Data entries
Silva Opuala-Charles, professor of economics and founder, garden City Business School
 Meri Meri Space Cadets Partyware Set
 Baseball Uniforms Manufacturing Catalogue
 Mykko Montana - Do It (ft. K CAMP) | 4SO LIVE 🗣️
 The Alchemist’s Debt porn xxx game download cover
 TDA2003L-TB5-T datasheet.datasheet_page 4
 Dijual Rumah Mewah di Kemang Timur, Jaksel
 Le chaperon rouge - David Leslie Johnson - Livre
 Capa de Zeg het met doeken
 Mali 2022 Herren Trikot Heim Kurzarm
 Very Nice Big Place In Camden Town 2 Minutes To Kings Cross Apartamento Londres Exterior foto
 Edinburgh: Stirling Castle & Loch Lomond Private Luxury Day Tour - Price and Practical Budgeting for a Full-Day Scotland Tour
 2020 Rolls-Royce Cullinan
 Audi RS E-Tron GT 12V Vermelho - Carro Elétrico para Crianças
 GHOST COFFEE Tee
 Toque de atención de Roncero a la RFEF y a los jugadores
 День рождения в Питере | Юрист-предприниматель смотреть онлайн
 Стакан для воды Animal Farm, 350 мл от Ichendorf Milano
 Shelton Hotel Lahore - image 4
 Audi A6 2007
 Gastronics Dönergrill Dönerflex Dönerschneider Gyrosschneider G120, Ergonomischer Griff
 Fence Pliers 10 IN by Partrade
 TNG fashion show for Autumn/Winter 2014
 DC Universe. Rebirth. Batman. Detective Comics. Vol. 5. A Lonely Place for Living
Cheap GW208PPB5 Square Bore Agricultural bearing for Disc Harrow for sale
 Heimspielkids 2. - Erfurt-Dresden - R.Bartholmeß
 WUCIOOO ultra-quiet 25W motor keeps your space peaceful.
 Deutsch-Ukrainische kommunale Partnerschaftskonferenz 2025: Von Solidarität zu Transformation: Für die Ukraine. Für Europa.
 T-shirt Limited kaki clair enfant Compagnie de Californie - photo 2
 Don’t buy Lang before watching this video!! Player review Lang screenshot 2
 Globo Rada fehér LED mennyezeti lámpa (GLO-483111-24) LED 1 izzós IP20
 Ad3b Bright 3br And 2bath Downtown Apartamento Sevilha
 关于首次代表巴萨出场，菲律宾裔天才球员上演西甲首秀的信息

** TO DO **
Your reply must be the entries above, returned word for word.

** TASK OUTPUT **
Silva Opuala-Charles, professor of economics and founder, garden City Business School
 Meri Meri Space Cadets Partyware Set
 Baseball Uniforms Manufacturing Catalogue
 Mykko Montana - Do It (ft. K CAMP) | 4SO LIVE 🗣️
 The Alchemist’s Debt porn xxx game download cover
 TDA2003L-TB5-T datasheet.datasheet_page 4
 Dijual Rumah Mewah di Kemang Timur, Jaksel
 Le chaperon rouge - David Leslie Johnson - Livre
 Capa de Zeg het met doeken
 Mali 2022 Herren Trikot Heim Kurzarm
 Very Nice Big Place In Camden Town 2 Minutes To Kings Cross Apartamento Londres Exterior foto
 Edinburgh: Stirling Castle & Loch Lomond Private Luxury Day Tour - Price and Practical Budgeting for a Full-Day Scotland Tour
 2020 Rolls-Royce Cullinan
 Audi RS E-Tron GT 12V Vermelho - Carro Elétrico para Crianças
 GHOST COFFEE Tee
 Toque de atención de Roncero a la RFEF y a los jugadores
 День рождения в Питере | Юрист-предприниматель смотреть онлайн
 Стакан для воды Animal Farm, 350 мл от Ichendorf Milano
 Shelton Hotel Lahore - image 4
 Audi A6 2007
 Gastronics Dönergrill Dönerflex Dönerschneider Gyrosschneider G120, Ergonomischer Griff
 Fence Pliers 10 IN by Partrade
 TNG fashion show for Autumn/Winter 2014
 DC Universe. Rebirth. Batman. Detective Comics. Vol. 5. A Lonely Place for Living
Cheap GW208PPB5 Square Bore Agricultural bearing for Disc Harrow for sale
 Heimspielkids 2. - Erfurt-Dresden - R.Bartholmeß
 WUCIOOO ultra-quiet 25W motor keeps your space peaceful.
 Deutsch-Ukrainische kommunale Partnerschaftskonferenz 2025: Von Solidarität zu Transformation: Für die Ukraine. Für Europa.
 T-shirt Limited kaki clair enfant Compagnie de Californie - photo 2
 Don’t buy Lang before watching this video!! Player review Lang screenshot 2
 Globo Rada fehér LED mennyezeti lámpa (GLO-483111-24) LED 1 izzós IP20
 Ad3b Bright 3br And 2bath Downtown Apartamento Sevilha
 关于首次代表巴萨出场，菲律宾裔天才球员上演西甲首秀的信息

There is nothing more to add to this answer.